§ TASK BRIEF: An exact transcript is required of the lines below, from the one containing "Gyufise Black Glitter" through the very last; leave every picture out of it.

§ RECORDED INFORMATION:
%%
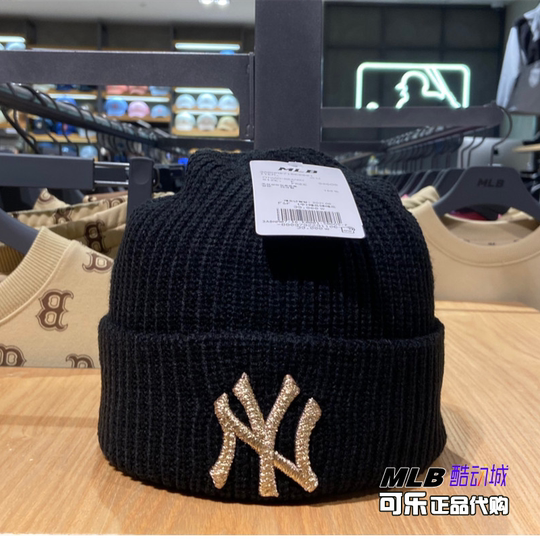 韩国正品MLB冬季刺绣大标毛线帽ny洋基队保暖针织帽男女冷帽BNM07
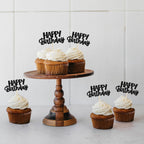 Gyufise Black Glitter Happy Birthday Cupcake Toppers – 24-Pack Cake Decorations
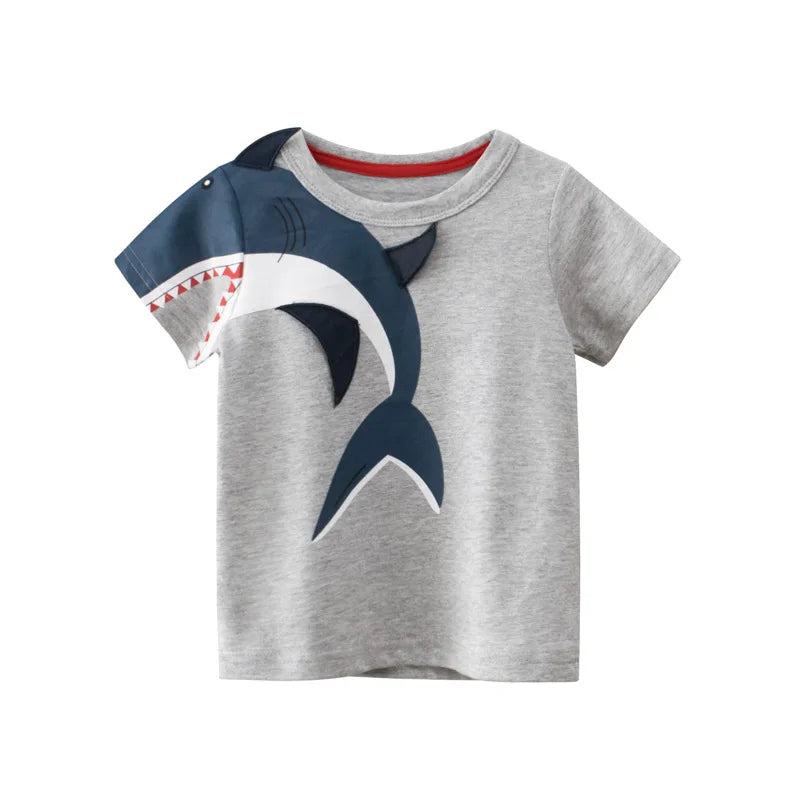 Boys Graffiti Print Short Sleeve T-Shirt – Car, Dinosaur & Shark Cotton Tee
%%
§ SOLUTION:
 Gyufise Black Glitter Happy Birthday Cupcake Toppers – 24-Pack Cake Decorations
 Boys Graffiti Print Short Sleeve T-Shirt – Car, Dinosaur & Shark Cotton Tee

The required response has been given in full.